Excerpts from a dataset:

※ ※ ※

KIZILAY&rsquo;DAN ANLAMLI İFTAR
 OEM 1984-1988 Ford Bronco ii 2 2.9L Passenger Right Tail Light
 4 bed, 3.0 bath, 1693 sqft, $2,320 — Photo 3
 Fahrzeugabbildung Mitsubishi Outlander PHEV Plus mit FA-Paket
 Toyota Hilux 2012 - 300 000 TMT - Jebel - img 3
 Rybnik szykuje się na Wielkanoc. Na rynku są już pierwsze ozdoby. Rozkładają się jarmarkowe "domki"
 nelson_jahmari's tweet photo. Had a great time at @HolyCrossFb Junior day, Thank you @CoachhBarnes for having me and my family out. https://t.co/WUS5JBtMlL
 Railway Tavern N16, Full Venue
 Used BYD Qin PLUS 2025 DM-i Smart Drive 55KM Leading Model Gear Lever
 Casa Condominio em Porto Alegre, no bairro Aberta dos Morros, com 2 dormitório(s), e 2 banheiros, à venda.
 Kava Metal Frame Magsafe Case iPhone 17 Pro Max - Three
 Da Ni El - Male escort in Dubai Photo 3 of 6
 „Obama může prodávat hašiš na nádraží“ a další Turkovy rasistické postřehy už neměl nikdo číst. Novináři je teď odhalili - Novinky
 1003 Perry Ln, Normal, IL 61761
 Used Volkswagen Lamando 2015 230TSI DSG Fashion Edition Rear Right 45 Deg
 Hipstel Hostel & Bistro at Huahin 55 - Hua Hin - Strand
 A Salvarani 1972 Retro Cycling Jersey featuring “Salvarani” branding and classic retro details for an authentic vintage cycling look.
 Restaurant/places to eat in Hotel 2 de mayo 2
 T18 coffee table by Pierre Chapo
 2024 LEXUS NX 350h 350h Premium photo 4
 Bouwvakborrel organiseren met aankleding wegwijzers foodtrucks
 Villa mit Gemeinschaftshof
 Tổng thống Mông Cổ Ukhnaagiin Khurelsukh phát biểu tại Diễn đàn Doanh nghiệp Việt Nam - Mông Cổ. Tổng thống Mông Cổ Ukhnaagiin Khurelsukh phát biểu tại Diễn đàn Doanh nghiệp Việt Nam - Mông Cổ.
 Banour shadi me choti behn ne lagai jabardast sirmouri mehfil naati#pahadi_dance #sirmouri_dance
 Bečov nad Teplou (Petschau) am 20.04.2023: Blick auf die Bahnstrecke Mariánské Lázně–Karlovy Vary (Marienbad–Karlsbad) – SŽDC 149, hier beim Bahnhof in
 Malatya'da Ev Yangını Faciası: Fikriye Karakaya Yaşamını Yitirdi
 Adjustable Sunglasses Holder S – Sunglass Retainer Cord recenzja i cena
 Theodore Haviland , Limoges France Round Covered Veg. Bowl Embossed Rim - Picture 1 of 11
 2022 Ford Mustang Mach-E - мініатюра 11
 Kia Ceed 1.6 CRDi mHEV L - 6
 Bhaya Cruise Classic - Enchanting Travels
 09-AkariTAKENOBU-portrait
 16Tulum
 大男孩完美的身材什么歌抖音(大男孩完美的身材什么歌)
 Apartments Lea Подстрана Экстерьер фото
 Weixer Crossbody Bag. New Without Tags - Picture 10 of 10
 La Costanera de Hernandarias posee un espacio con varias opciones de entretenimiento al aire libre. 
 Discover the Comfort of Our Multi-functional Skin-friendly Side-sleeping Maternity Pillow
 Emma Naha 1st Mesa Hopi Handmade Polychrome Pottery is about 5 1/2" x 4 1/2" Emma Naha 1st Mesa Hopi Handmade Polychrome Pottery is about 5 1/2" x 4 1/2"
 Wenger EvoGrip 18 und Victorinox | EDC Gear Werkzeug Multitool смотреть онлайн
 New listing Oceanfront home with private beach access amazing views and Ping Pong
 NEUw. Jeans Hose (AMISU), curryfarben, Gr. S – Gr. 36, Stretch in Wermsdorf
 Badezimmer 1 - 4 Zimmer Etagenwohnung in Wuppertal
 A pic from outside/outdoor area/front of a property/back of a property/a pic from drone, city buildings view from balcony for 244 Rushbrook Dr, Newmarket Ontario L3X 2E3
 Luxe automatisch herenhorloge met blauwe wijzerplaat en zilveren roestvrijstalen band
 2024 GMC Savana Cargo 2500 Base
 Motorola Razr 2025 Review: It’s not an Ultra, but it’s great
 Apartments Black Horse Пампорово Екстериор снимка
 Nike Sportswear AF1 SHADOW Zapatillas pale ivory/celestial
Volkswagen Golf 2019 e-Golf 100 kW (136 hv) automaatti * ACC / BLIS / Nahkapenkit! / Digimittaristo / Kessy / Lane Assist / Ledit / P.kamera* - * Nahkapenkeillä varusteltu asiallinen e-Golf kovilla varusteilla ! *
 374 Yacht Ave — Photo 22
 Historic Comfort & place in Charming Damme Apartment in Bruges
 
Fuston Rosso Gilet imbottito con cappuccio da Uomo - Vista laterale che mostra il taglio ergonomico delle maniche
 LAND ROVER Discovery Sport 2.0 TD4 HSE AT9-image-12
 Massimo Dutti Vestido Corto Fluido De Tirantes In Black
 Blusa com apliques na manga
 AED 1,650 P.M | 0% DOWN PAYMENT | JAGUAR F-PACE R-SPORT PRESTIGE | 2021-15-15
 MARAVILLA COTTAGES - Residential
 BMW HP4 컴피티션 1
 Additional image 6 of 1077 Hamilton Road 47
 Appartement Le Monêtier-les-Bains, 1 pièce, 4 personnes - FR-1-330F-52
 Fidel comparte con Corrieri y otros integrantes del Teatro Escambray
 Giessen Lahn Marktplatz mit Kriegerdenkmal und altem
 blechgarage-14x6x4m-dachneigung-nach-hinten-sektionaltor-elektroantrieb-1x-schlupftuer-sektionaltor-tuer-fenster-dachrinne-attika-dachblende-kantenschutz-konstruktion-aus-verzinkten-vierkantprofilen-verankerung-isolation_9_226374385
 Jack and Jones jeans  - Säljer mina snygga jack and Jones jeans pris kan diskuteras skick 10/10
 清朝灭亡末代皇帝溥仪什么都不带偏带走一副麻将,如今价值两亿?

※ ※ ※

After locating the line with "4 bed, 3.0 bath, 1693 sqft, $2,320 — Photo 3" above, return that line and every later line through the one with "Rybnik szykuje się", word for word and with nothing else.

#### RESULT
 4 bed, 3.0 bath, 1693 sqft, $2,320 — Photo 3
 Fahrzeugabbildung Mitsubishi Outlander PHEV Plus mit FA-Paket
 Toyota Hilux 2012 - 300 000 TMT - Jebel - img 3
 Rybnik szykuje się na Wielkanoc. Na rynku są już pierwsze ozdoby. Rozkładają się jarmarkowe "domki"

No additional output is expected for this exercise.